Comment filmer la violence

Comment faire du cinéma après Daech? La réponse est inscrite dans une historicité.  Juste après le 11 septembre, les scénaristes de Hollywood en coordination avec les départements cinéma de la CIA et du Pentagone ont établi un certain code non écrit de ce qu’il fallait montrer ou pas au public américain. Celui-ci était encore sous le choc de l’attaque contre le symbole même de la réussite américaine. Il a été ainsi convenu de supprimer toutes les séquences d’attaque aérienne, de réduire ou de limiter le nombre de films catastrophes. Le traumatisme était profond.
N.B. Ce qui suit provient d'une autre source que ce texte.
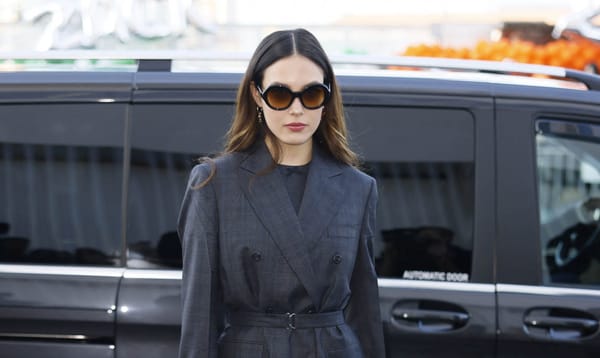 Eileen Gu: From the Mountain to the Runway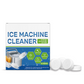 🎁🔥50% OFF! 💦🧊Essential Cleaning & Sanitizing Item for Every Household!💧Universal Ice Maker Cleaner Tablets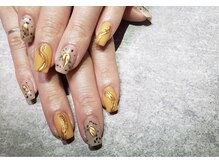 ビューティーアミューズメント カテプリ新さっぽろ店(BEAUTY AMUSEMENT)の雰囲気（ジェルネイル、マニキュア、角質ケアもお任せ下さい！）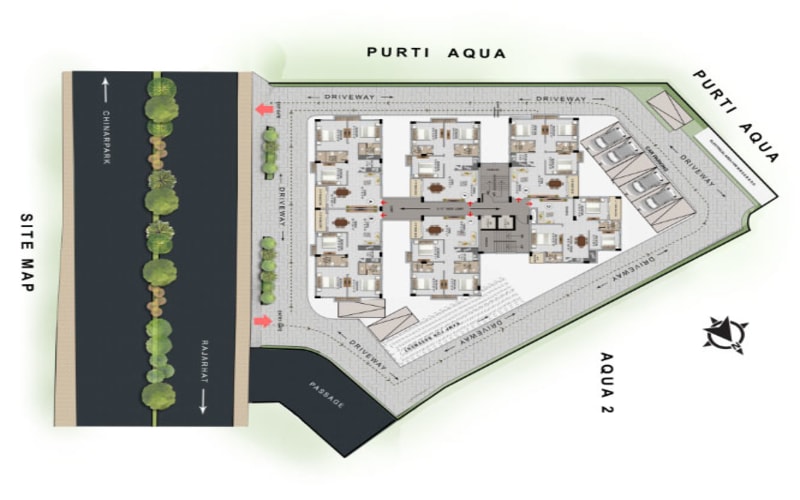 Purti-Aqua-Iii-Site-plan-Image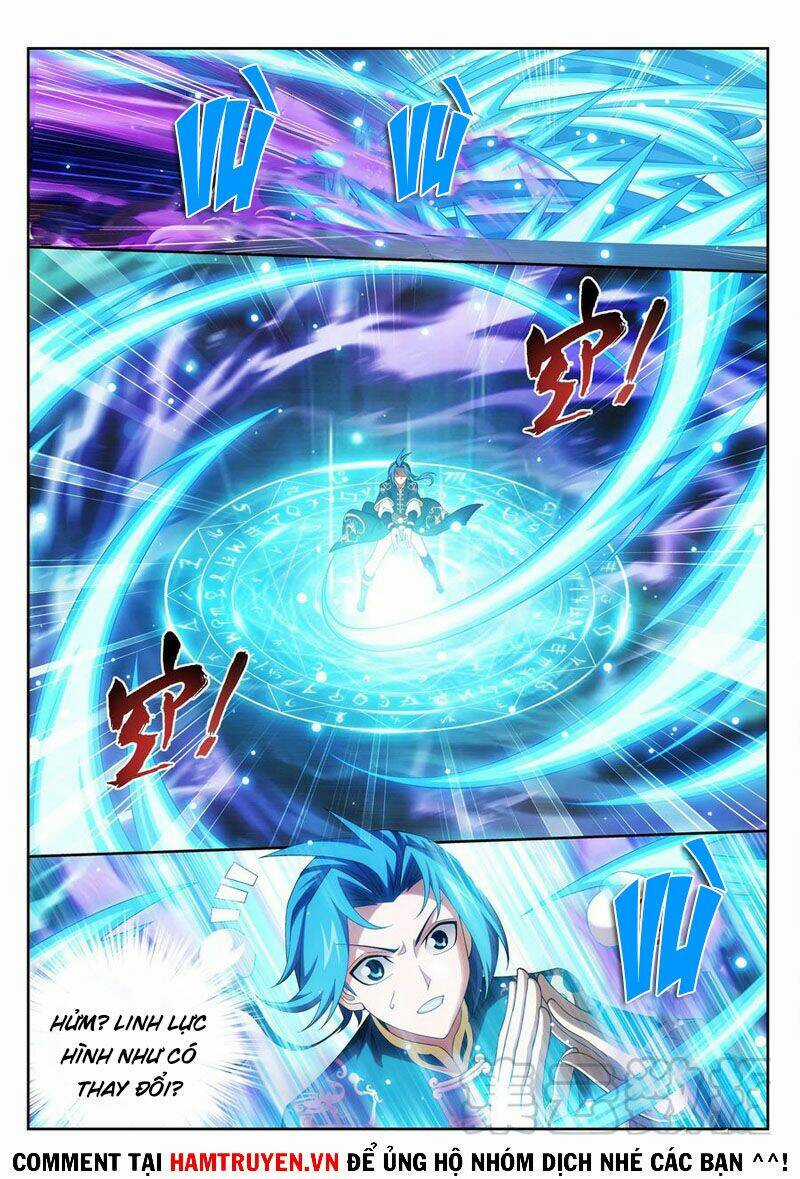 Đại Chúa Tể - Chapter 247 - Trang 9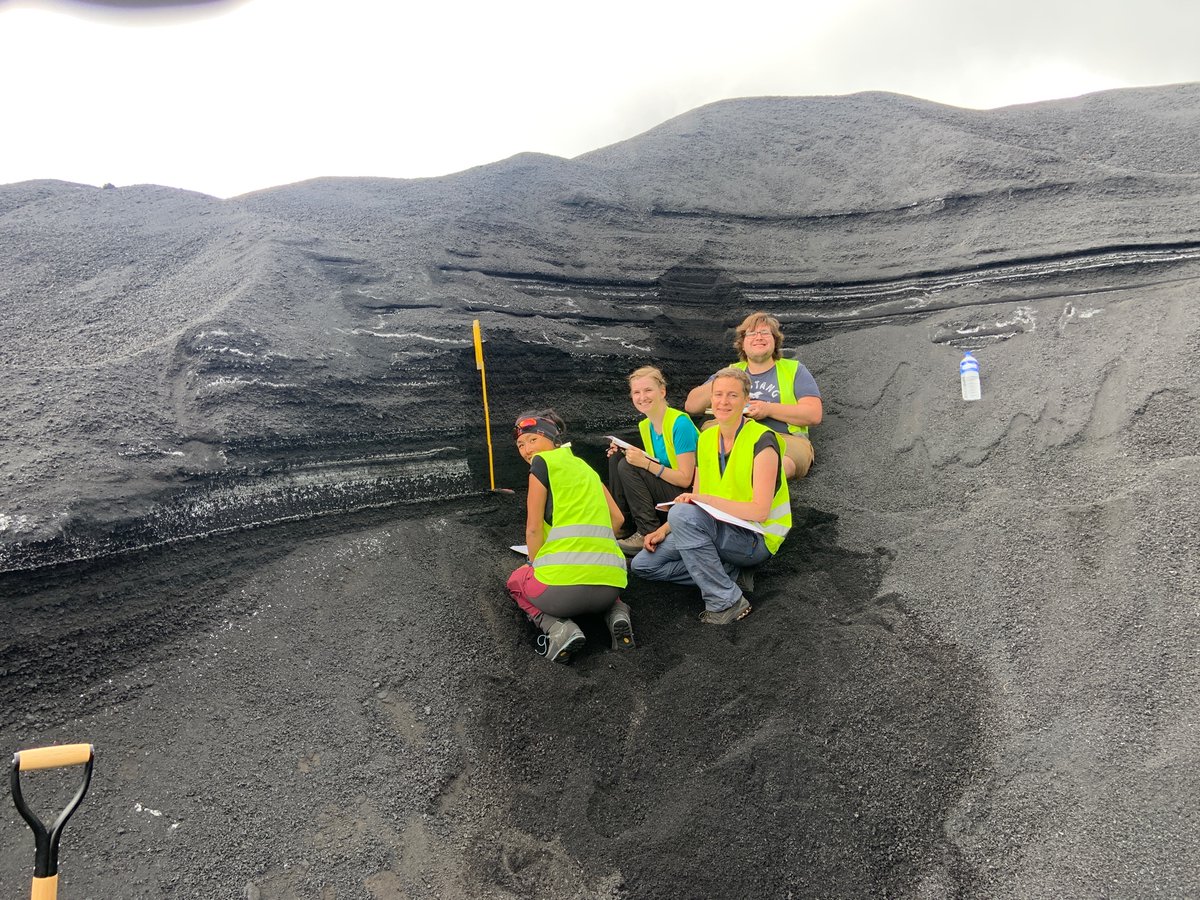 LMU Volcanology tweet media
Le réel avait fini par dépasser l’imaginaire. Et il a fallu attendre plus de deux ans pour voir les premières fictions abordant l’effondrement des deux tours.

Aujourd’hui, le paysage international est dominé par une autre forme de violence située autour de la question problématique du terrorisme. La circulation des images dont le rythme a été accéléré par la révolution numérique et l’explosion des médias sociaux, a été marquée par l’arrivée massive des images produites par les terroristes eux-mêmes, incarnés dans la communication publique par l’acronyme Daech. Selon le cinéaste et théoricien du cinéma, Jean-Louis Comolli, Daech, très tôt dans sa brève histoire (quatre ans),  aura associé plus systématiquement qu’Al-Qaïda, le geste de tuer et le geste de filmer «afin de diffuser aux quatre coins des antennes satellites ceux qu’ils avaient tués».

Une cinématographie de la mort a ainsi envahi nos écrans, à tous les niveaux de la réception numérique. Une perception de la violence a été mise en place, phagocytant le regard et instaurant un nouvel horizon d’attente. D’où notre question inaugurale : comment faire du cinéma après ou à côté du cinéma de Daech? Comment filmer la violence, après les clips de décapitation qui ont  instauré une véritable pornographie dans le commerce du visible ?  Les films de Daech amènent à revoir les manières des scénaristes/ des cinéastes d’écrire et/ou de mettre en scène la guerre, de montrer la torture ou de représenter la mort.

En effet, face à la généralisation des images  (télévisions, réseaux sociaux…), le cinéma est appelé à revoir ou du moins à s’interroger sur son approche de la violence. Lors de la dernière édition des JCC, j’ai vu deux films qui proposent dans ce sens deux approches diamétralement opposées. Deux films qui indiquent que le conflit syrien est également objet d’une formidable guerre des images. Il y a la guerre en Syrie, et il y a la guerre autour de la Syrie. Et le cinéma est partie prenante avec ces deux exemples récents : Insyriated (Une maison syrienne, le titre en français) du belge Philippe Van Leeuw et Matar Homs (La pluie de Homs) de Joud Saïd. Le premier est une production européenne avec un casting international, le deuxième est une production syrienne. Est-ce que ce mode de production a déterminé le mode de traitement du sujet? L’interrogation est légitime. Dans le premier, le cinéma est privilégié en réhabilitant notamment la figure du hors champ; le second reprend le dispositif Daech en n’épargnant rien au spectateur.

Dans Insyriated, il y a aussi de la violence, une violence terrible, une famille recluse dans son appartement, subit l’enfer de l’incertitude et de l’irruption chaque fois imminente du danger. Mais chaque fois, c’est le cinéma qui prend le dessus privilégiant l’intelligence du spectateur. Dans «Pluie de Homs», c’est le pathos qui l’emporte. L’idée de l’encerclement est aussi omniprésente mais très vite neutralisée par les sorties vers l’autre, le hors champ redevient le jeu télévisuel du champ contre champ. Joud va filmer les snipers, les fait parler et les suit dans leur logique en filmant à leur manière la violence…jusqu’au bout. Le public applaudit quand le terroriste Abu Abdellah explose dans l’opération suicide menée par Rim…Comme dans les clips de Daech, le spectateur est maintenu dans son impuissance face à des images répondant à son désir (goût du sang et jouissance de violence).